Beeinflusst von Jean Cocteaus Antigone (so gesehen die Fortsetzung der Geschichte nach dem Ende von Ödipus), befasste sich der schon neoklassizistische Igor Strawinsky zehn Jahre nach dem großen Sacre du Printemps-Skandal ebenfalls mit der griechischen Tragödie und arbeitete ab 1925 am Oedipus Rex. Arien, Duette und Choreinladen wechseln sich ab. Die Texte sind in Latein und die erklärenden Passagen werden von einem Sprecher vorgetragen (gestern Abend in Rom auf Italienisch).
Strukturiert, klar, lateinisch, archaisch, requiemhaft und abstinenzlerisch kühl-objektiv sollte es werden, eine karge Messe, ein crossover von slawischer Kirchenmusik, Klassik zu Jazz. Allerdings hat Strawinsky das so nicht komplett durchziehen können, wie Iokastes bewusst berauschende Arien beweisen; sie sind, vor allem die Eingangsarie, lyrisch und warm, durchaus an Belcanto erinnernd. Jedenfalls hat der Finne Sakari Oramo dieses gestern in der Sala Santa Cecilia herausgeholt. Großartig hat den konzertanten Oedipus Rex dirigiert, mitgelitten, mitgesungen und mitgelebt, begleitet vom ausgezeichneten (Männer)Chor der Santa Cecilia und vom hiesigen Orchester. Oedipus (Mati Turi) hat anfangs ein wenig geschwächelt, wurde aber immer besser. Iokaste, warnend, bittend, hoffend und verzweifelt, war die italienische Mezzo Sonia Ganassi. Erstklassig Alfred Muff (Bass) in einer Doppelrolle (Kreon und Bote). Teiresias war Marco Spotti und der Pastor war Simone Ponziani. Der einzige, der nicht überzeugt hat, war der Sprecher Massimo De Francovich, er hatte etwas von einem 20.00 Uhr Nachrichtensprecher, zu schnell und zu unbeteiligt, nicht dramatisch genug, aber vielleicht war das ja gewollt.

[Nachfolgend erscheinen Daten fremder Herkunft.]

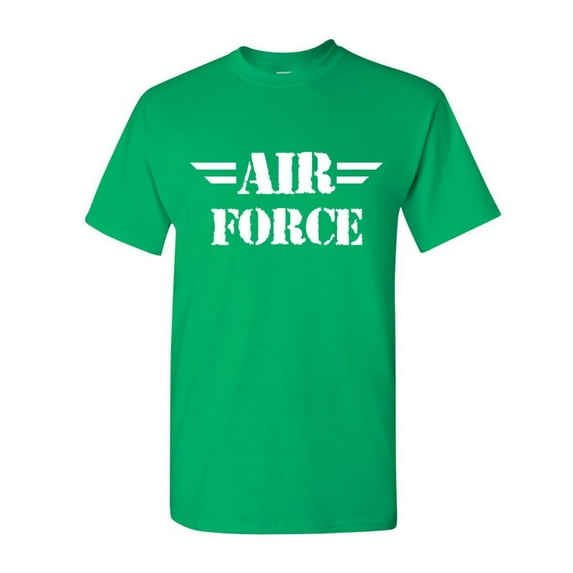 Tee Hunt Air Force T-Shirt Military Veteran POW MIA Air Force Mom Mens Shirt, Green, 3X-Large
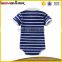 One piece baby clothes romper stripe polo neck new design baby suit                        
                                                                                Supplier's Choice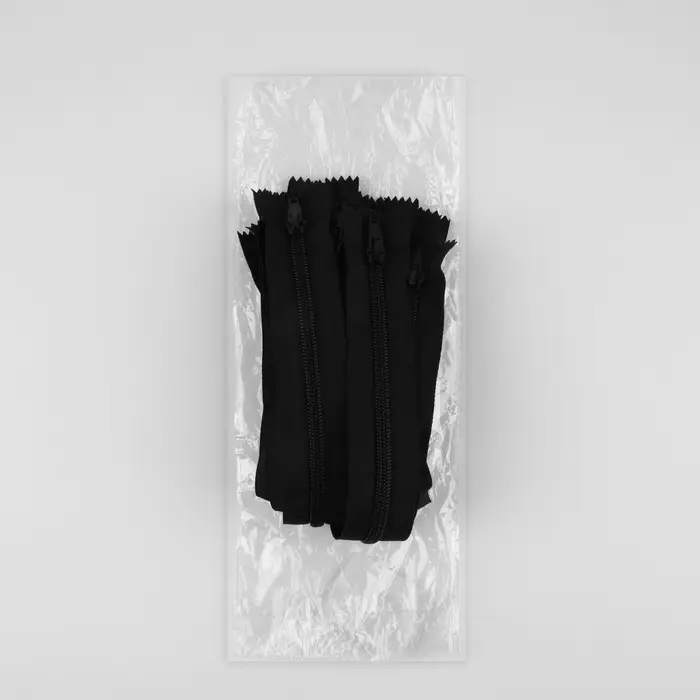 Молния «Спираль», №7, неразъёмная, обувная, замок автомат, 30 см, чёрная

Die wuchtigen und mächtigen Chorpassagen vor allem dürften Carl Orff zehn Jahre später bei seiner Carmina Burana inspiriert haben. Dafür hat Strawinsky für dieses Messe-Oratorium sicherlich Rossinis Petit Messe Solennelle gehört, was gleich am Anfang bei Oedipus’Arie kurz zu hören ist. Kreons einzige Arie war der Klarinette gewidmet und würde auch im Belcanto bestehen können.

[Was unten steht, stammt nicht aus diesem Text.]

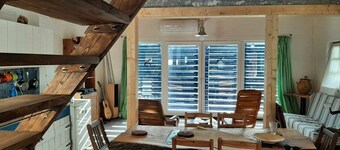 Vacation house for rent at Lake Balaton, quiet location. Beach 5 min.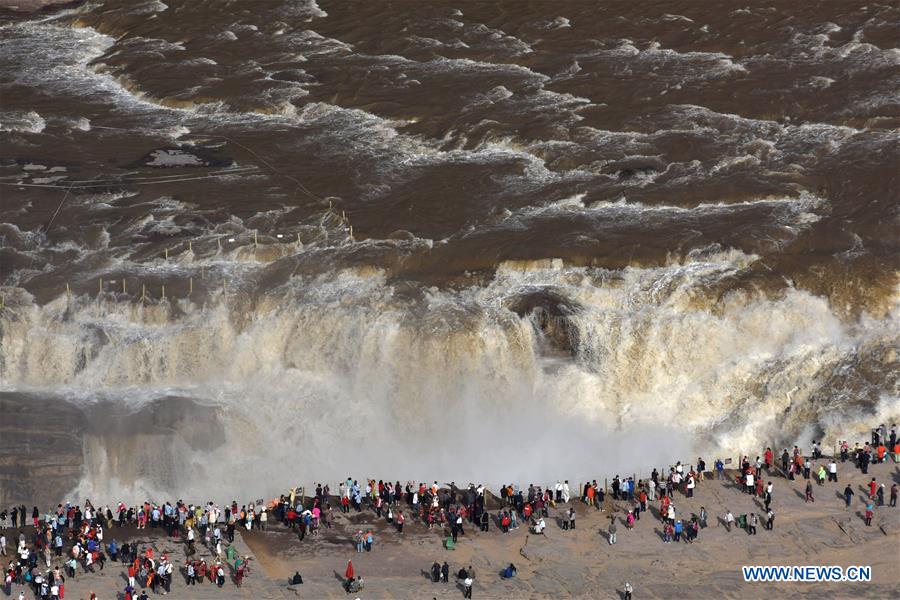 #CHINA-SHANXI-YELLOW RIVER-HUKOU WATERFALL (CN)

Igor Strawinsky hat den Zweiakter Oedipus Rex gemeinsam mit dem Dichter Jean Cocteau geschrieben. Das Werk geht zurück auf die Tragödie von Sophokles. Die konzertante Uraufführung fand zusammen mit dem 20-jährigen Bühnenjubiläum von Sergei Diaghilev statt. Die Sänger trugen Masken und konnten nur Kopf und Arme bewegen. Ein Erfolg wurde es aber nicht, auch die Aufführungen 1928 in Wien und Berlin rissen das Publikum nicht zu Begeisterungsstürmen hin. Traditionsgemäß war Strawinsky der Musikwelt wieder mal voraus. Erst nach dem Zweiten Weltkrieg befasste man sich intensiver und weltweit mit diesem Werk. 1952 wurde es in Paris aufgeführt mit Jean Cocteau persönlich als Sprecher und erreichte erst 30 Jahre nach seiner Entstehung die Welttheater. Peter Sellars und Robert Wilson haben u.a. mit diesen Werk inszeniert.

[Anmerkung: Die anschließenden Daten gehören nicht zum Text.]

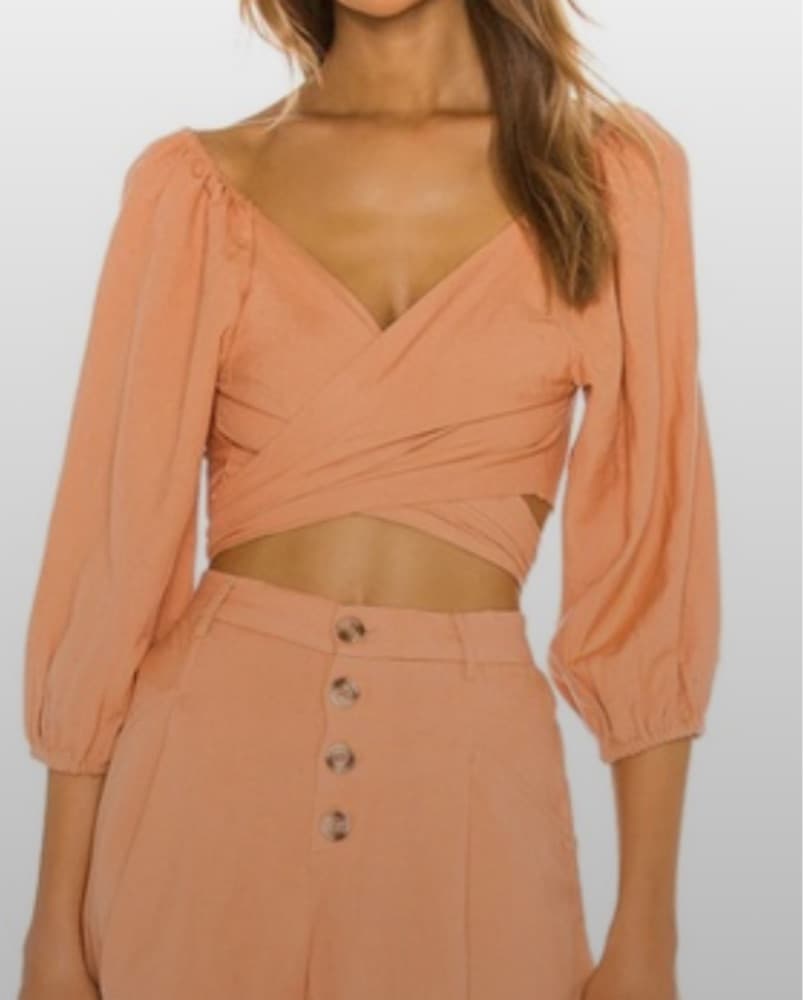 L Space Wrap Top - Image 2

Zur Handlung: Oedipus hat die Stadt von der grausamen Sphinx befreit, wird deshalb von den Thebanern zum König gewählt und darf Iokaste, die Witwe von Lais heiraten. Die Pest herrscht und Oedipus schickt Kreon, seinen Schwager, nach Delphi um das Orakel zu befragen. Als dieser mit der Aussage zurückkommt, dass zuerst der Mord an Oedipus Vorgänger Laios gerächt werden müsse, bevor die Pest verschwinde, wird der Seher Teiresias befragt, der sich aber in Schweigen hüllt. Iokaste macht die schmerzhafte Entdeckung, dass es ihr Sohn (und Mann) war, der die Tat begann und im Verlauf der Erzählung fällt es auch Oedipus wie Schuppen von den Augen, dass er selber der Mörder seines Vaters gewesen sei. Oedipus zieht die Konsequenzen, blendet sich und endet als Bettler in Theben. Die Pest endet.